▸ About this exercise: The answer consists solely of the lines running from the one with "宝宝反复发烧是什么原因导致的" through the final line below, transcribed exactly and without any pictures.

═════ Record extracts ═════

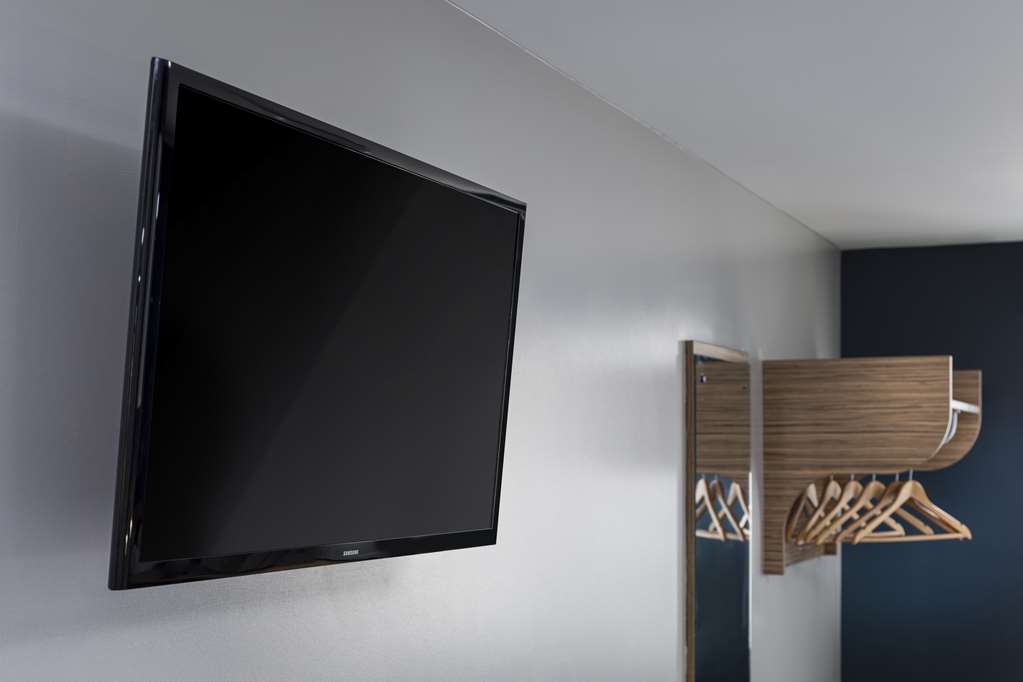 TRAVELODGE SUNBURY M3-guestroom-Guest Room,Guest Room Amenity,On-Site.jpg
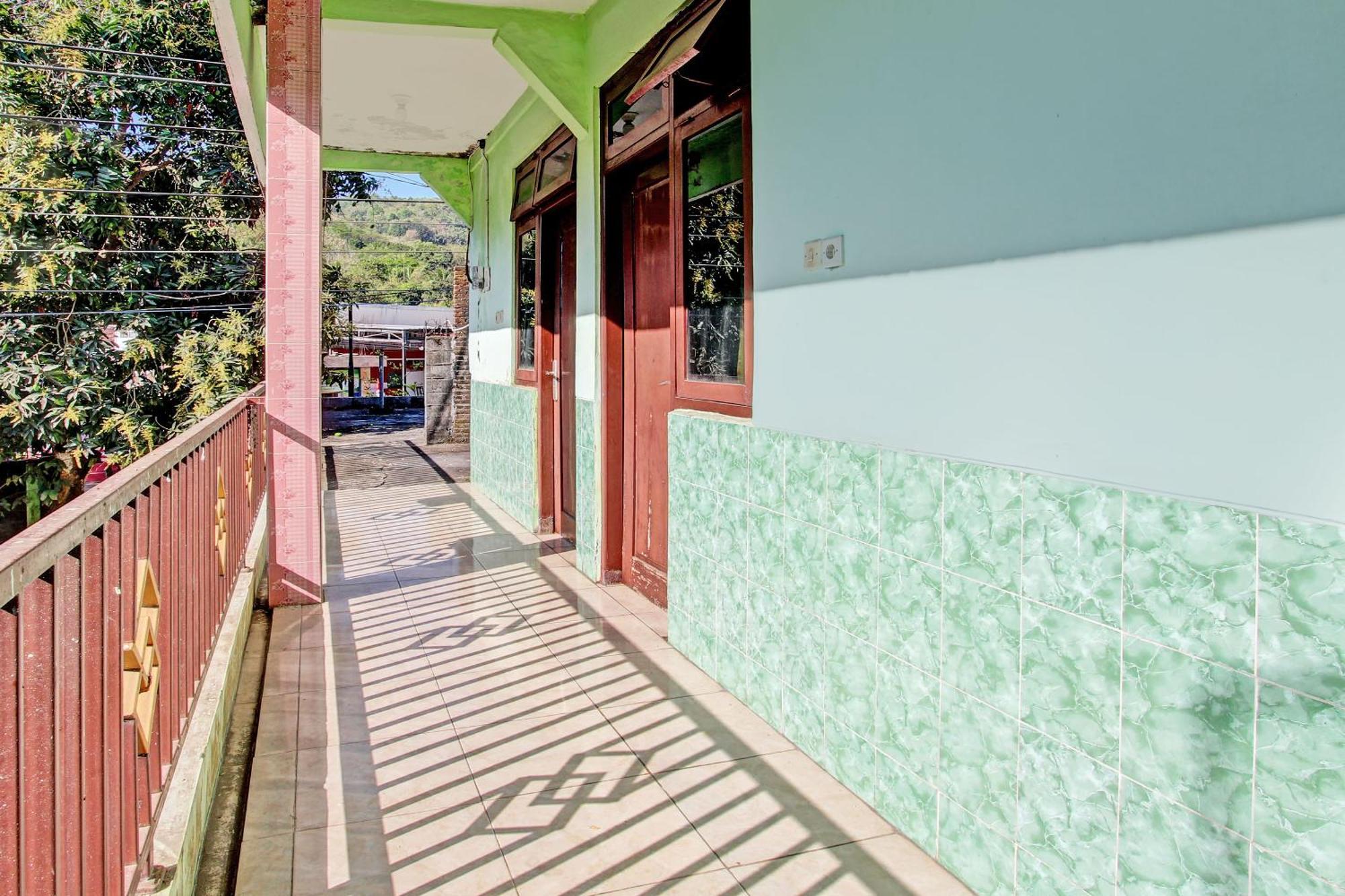 Spot On 93029 Pondok Wisata Sabar Menanti 2 Bantul Εξωτερικό φωτογραφία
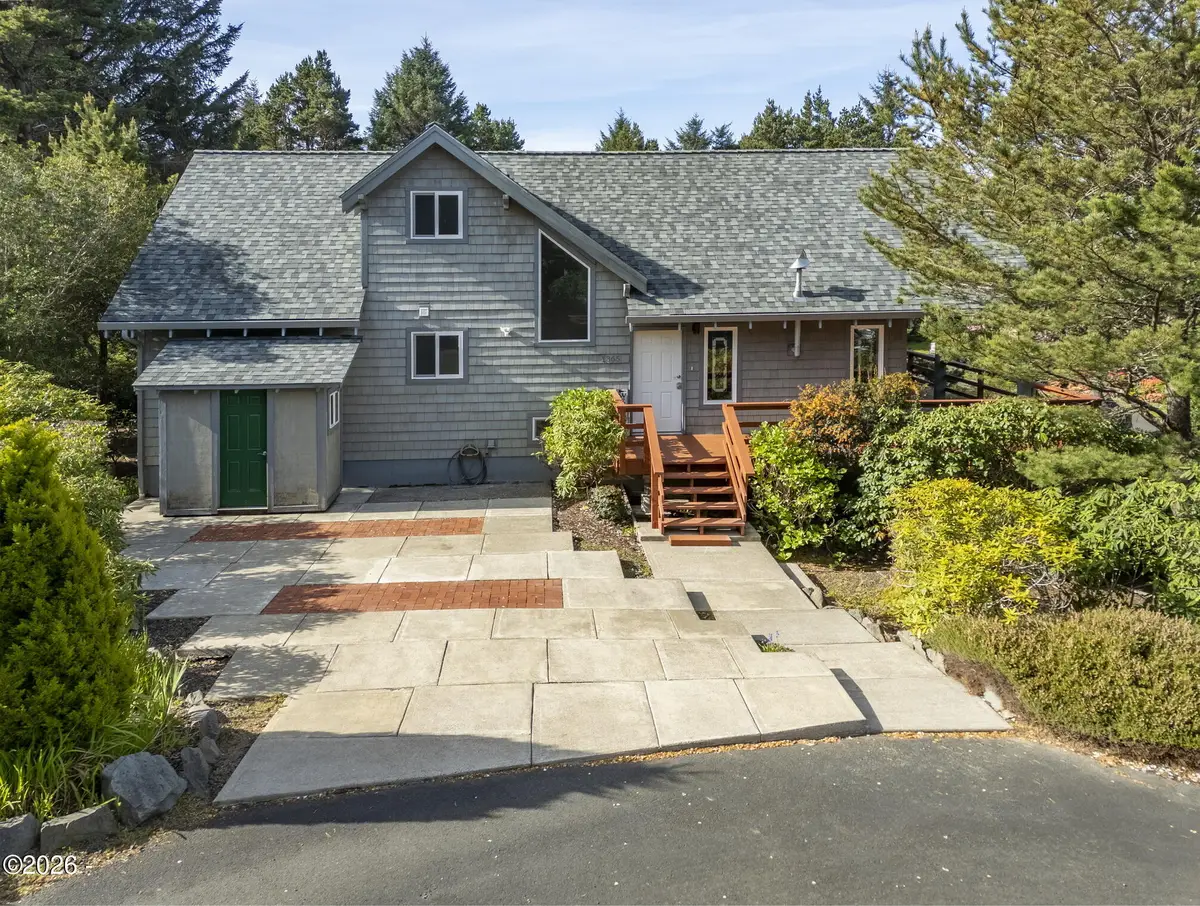 1365 SW Ocean, Waldport, OR 97394 - #1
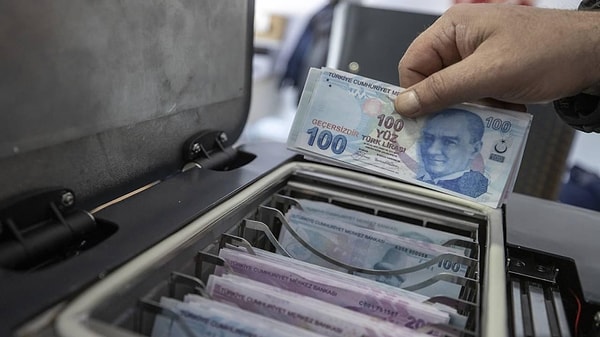 Bakanlığın asgari ücret anketinde, yeni yılda kamuoyunun ortak beklentisinin 7 bin 845 lira olduğu belirtildi.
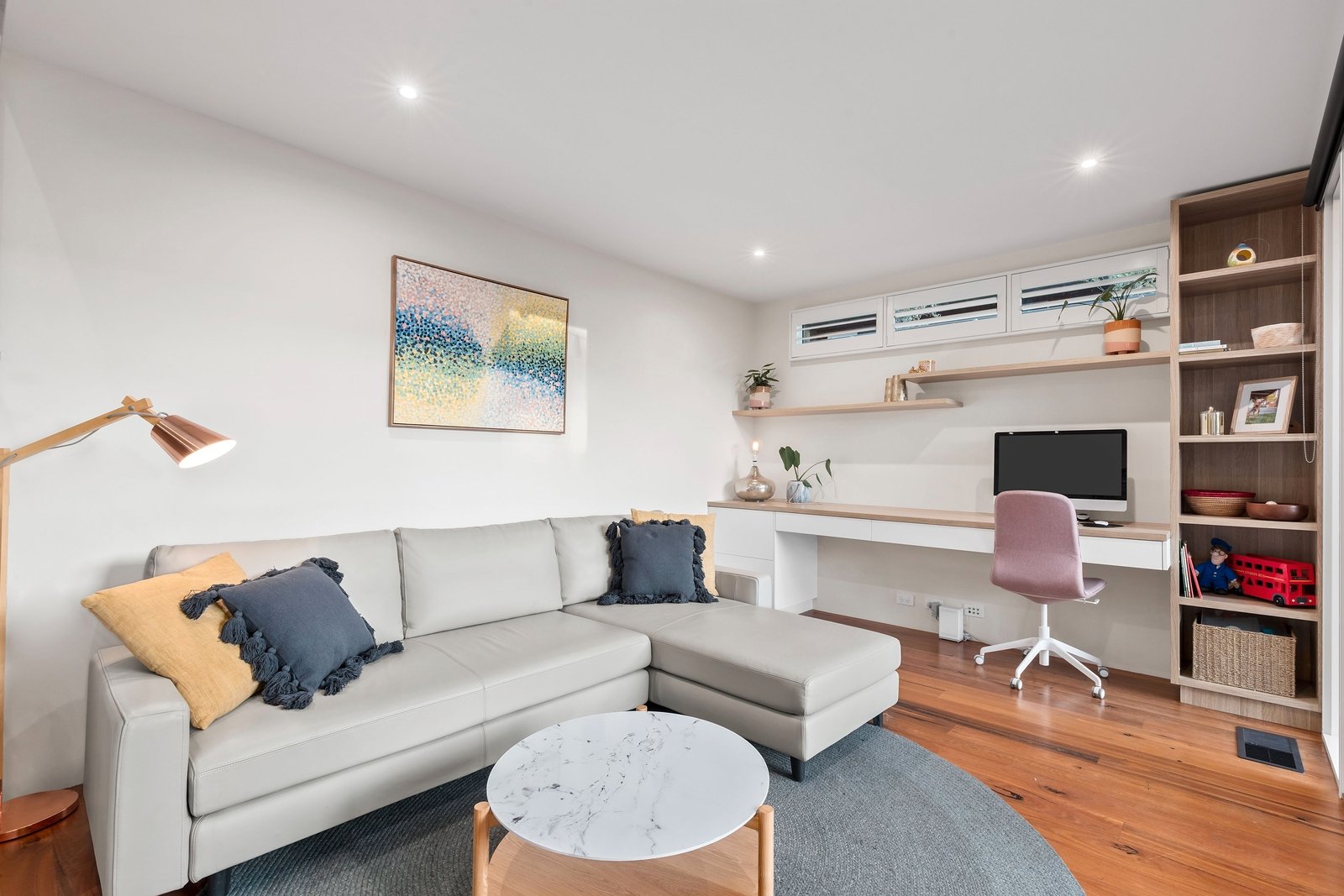 Property Gallery Thumbnail 23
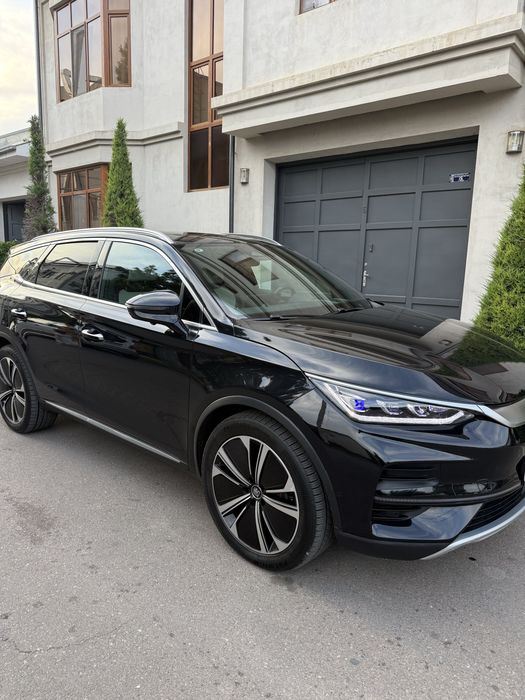 BYD TANG dual motor eng full pozisiya srochno sotiladi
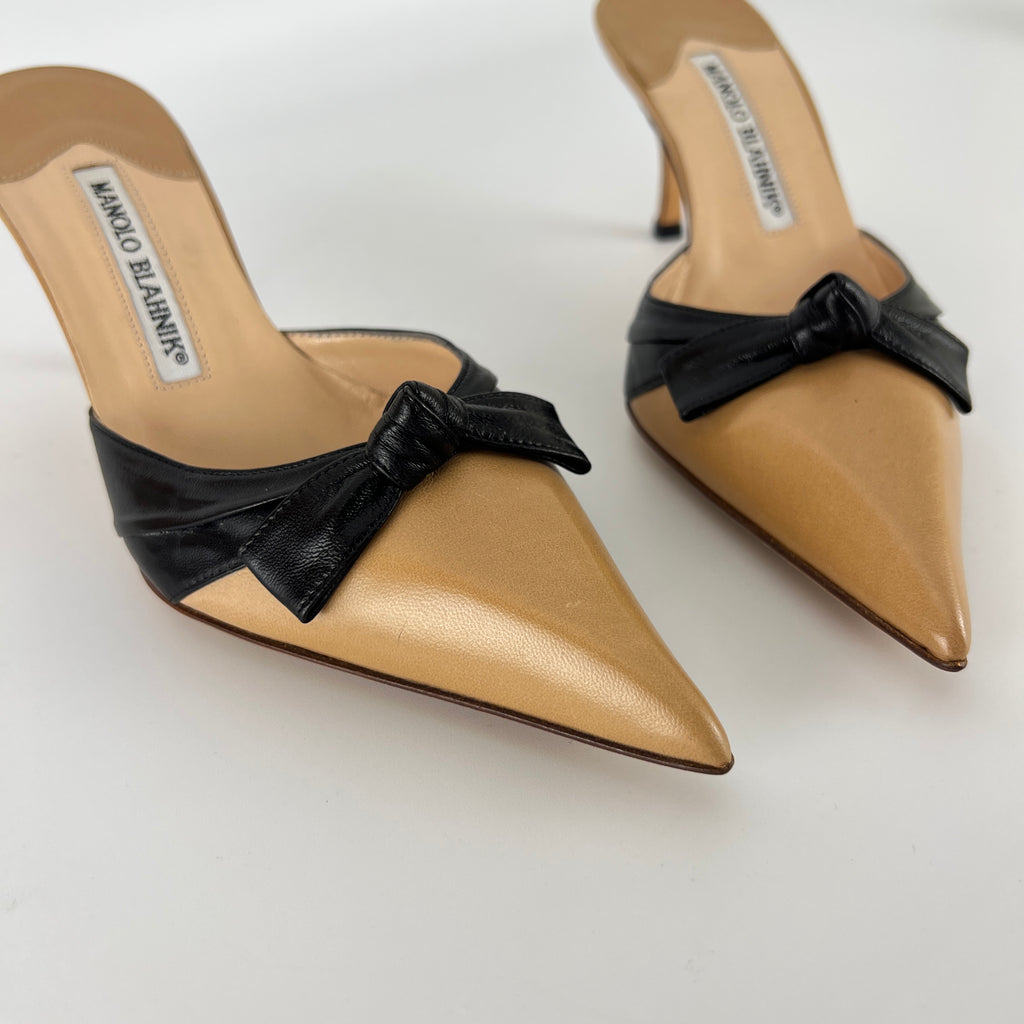 Manolo Blahnik | Beige Black Leather Knot Bow Pointed Toe Slide Mules (35.5)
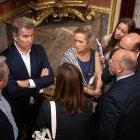 El presidente del PP, Alberto Núñez Feijóo, junto a varios diputados del PP, tras una sesión plenaria celebrada en el Congreso, a 26 de mayo de 2026, en Madrid (España). 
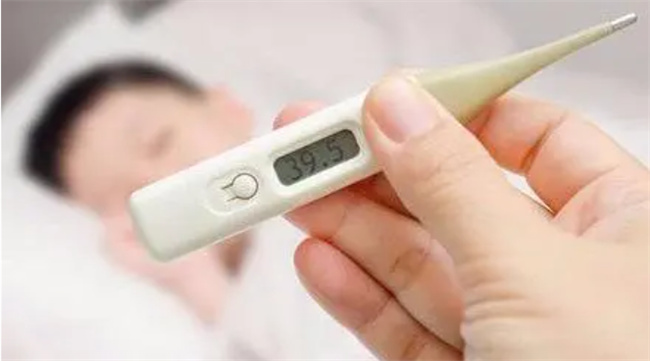 宝宝反复发烧是什么原因导致的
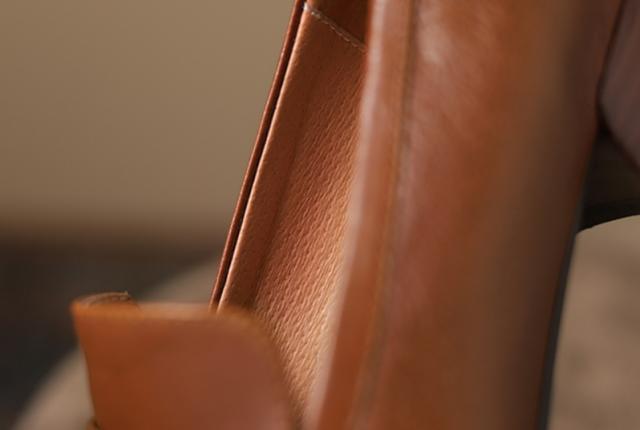 ローファー パンプス 送料無料 個性 アクセント スクエアトゥ ロゴ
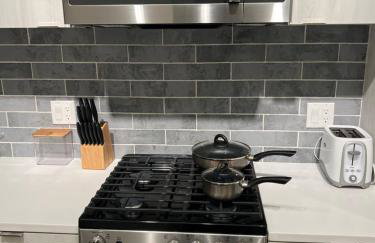 Heart of Hollywood - Walk of Fame Studio - 1bd or 2bd with View - Free parking - Balcony - Wifi - Rooftop - Gym - Upscale amenities - Foto 36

═════

▸ Response area:
 宝宝反复发烧是什么原因导致的
 ローファー パンプス 送料無料 個性 アクセント スクエアトゥ ロゴ
 Heart of Hollywood - Walk of Fame Studio - 1bd or 2bd with View - Free parking - Balcony - Wifi - Rooftop - Gym - Upscale amenities - Foto 36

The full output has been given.